=== SOURCE RECORDS ===
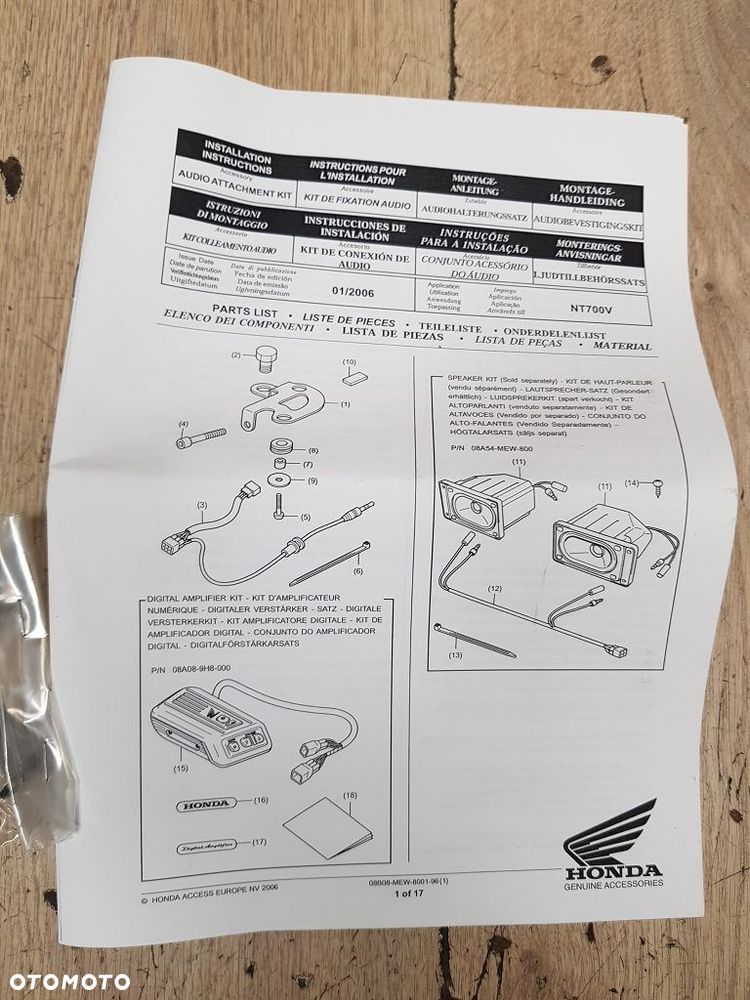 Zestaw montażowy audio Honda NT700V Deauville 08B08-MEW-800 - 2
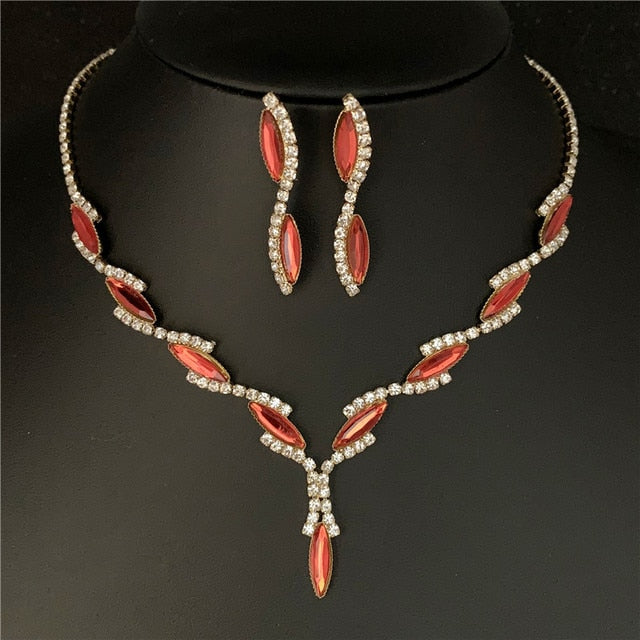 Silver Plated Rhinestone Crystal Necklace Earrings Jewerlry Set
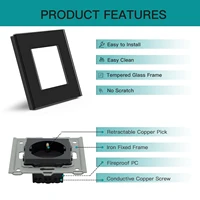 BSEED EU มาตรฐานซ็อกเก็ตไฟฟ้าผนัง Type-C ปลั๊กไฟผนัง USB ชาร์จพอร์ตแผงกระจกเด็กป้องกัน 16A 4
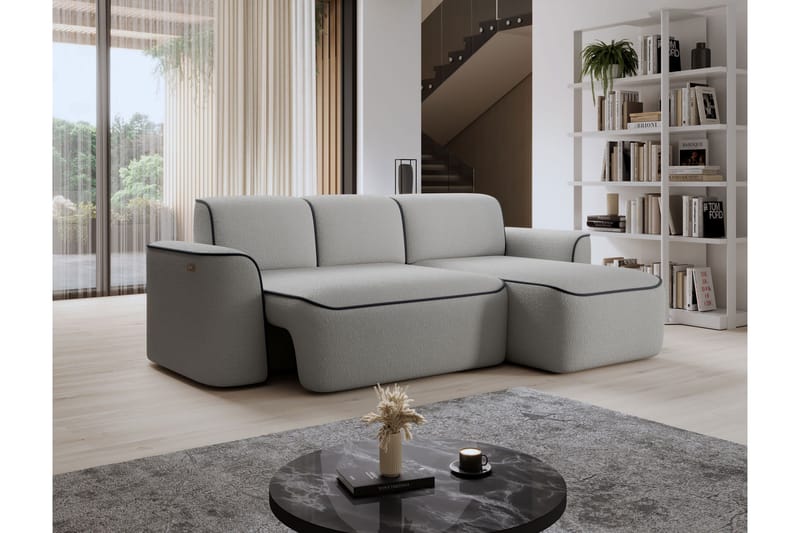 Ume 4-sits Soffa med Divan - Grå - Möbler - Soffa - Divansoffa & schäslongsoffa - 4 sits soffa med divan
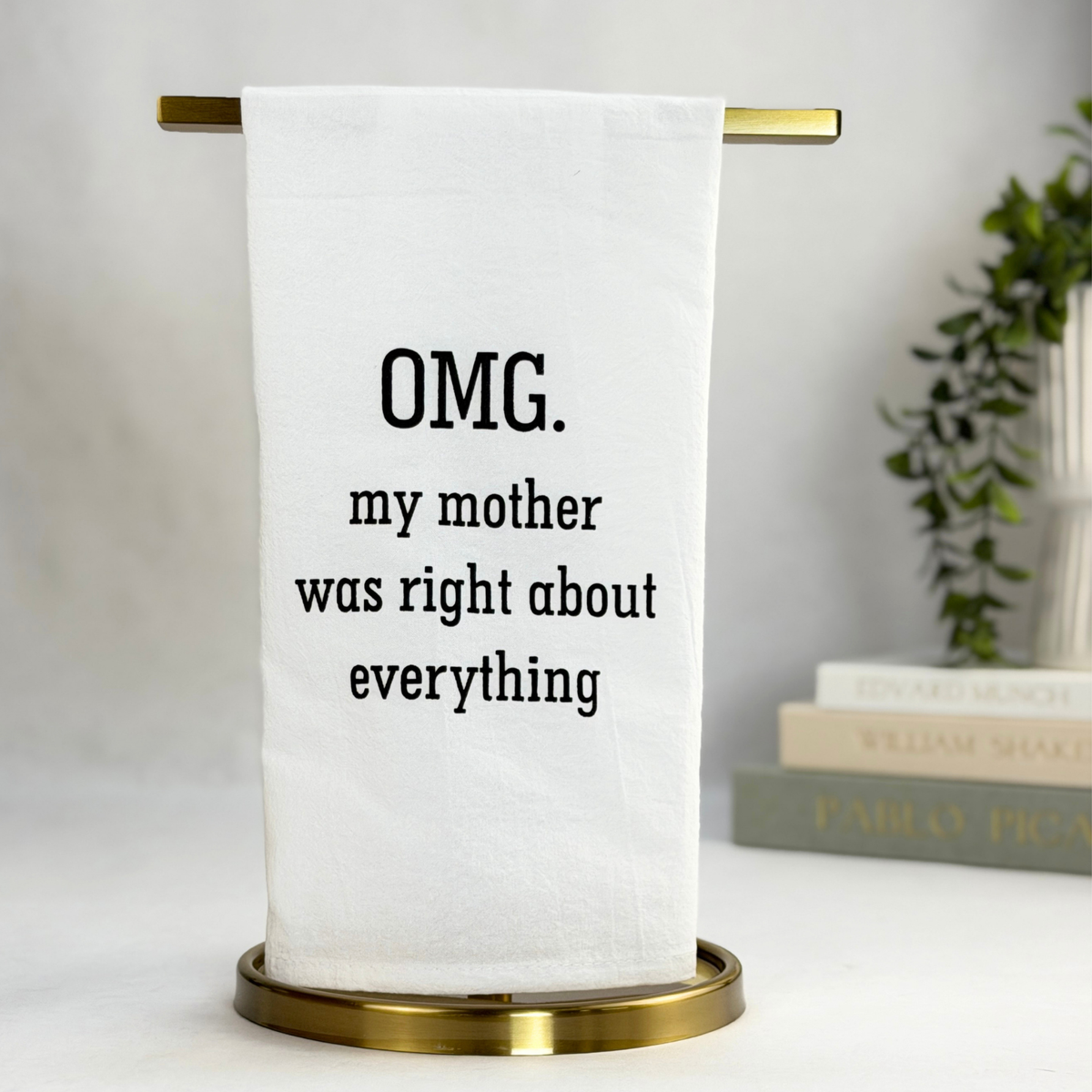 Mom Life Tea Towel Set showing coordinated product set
===
WHAT NEEDS TO BE DONE —
Every record is to be reproduced exactly, with no pictures included.

COMPLETED EXERCISE —
 Zestaw montażowy audio Honda NT700V Deauville 08B08-MEW-800 - 2
 Silver Plated Rhinestone Crystal Necklace Earrings Jewerlry Set
 BSEED EU มาตรฐานซ็อกเก็ตไฟฟ้าผนัง Type-C ปลั๊กไฟผนัง USB ชาร์จพอร์ตแผงกระจกเด็กป้องกัน 16A 4
 Ume 4-sits Soffa med Divan - Grå - Möbler - Soffa - Divansoffa & schäslongsoffa - 4 sits soffa med divan
 Mom Life Tea Towel Set showing coordinated product set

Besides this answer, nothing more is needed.